Provided information >>
· · ·
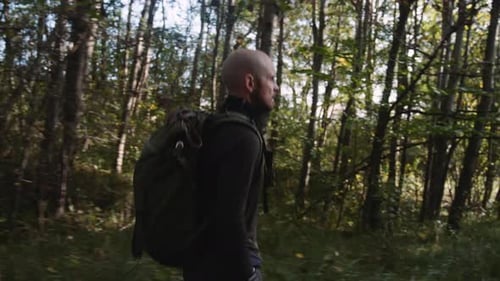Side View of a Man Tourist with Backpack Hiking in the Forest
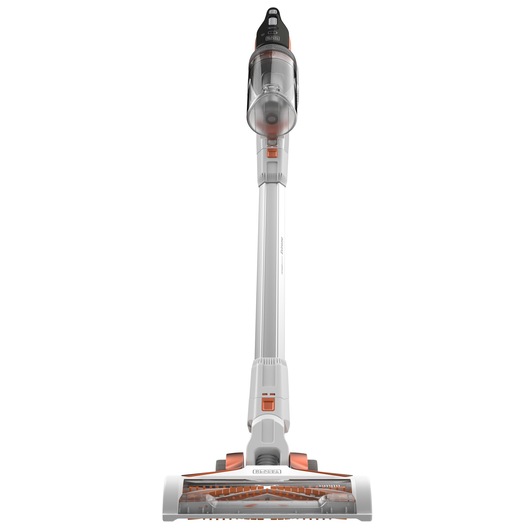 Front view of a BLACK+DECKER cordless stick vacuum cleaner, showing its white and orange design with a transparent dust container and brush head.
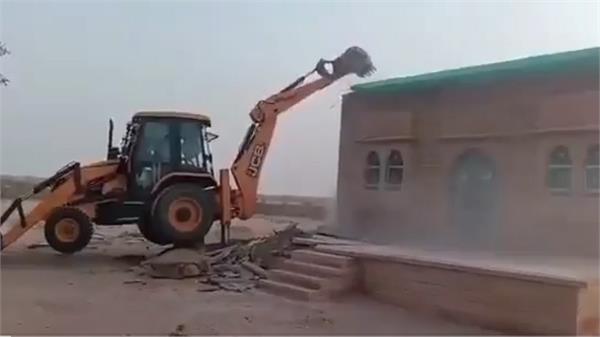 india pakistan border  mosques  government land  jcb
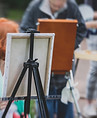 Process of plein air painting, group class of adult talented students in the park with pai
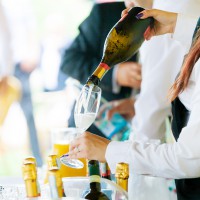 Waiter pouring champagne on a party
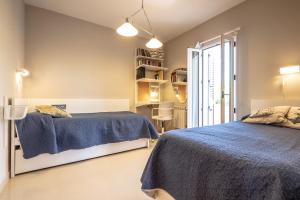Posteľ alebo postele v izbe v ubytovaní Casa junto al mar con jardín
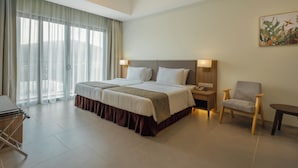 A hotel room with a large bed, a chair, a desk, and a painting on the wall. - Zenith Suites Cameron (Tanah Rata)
· · ·
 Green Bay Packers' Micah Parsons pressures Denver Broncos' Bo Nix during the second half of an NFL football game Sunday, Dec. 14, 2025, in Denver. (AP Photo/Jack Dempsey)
· · ·
Exercise goal >> Only one stretch of the entries above is needed: the lines from the one containing "Waiter pouring champagne on a party" through the one containing "A hotel room". Copy it exactly, without the pictures.

Written response >>
 Waiter pouring champagne on a party
Posteľ alebo postele v izbe v ubytovaní Casa junto al mar con jardín
 A hotel room with a large bed, a chair, a desk, and a painting on the wall. - Zenith Suites Cameron (Tanah Rata)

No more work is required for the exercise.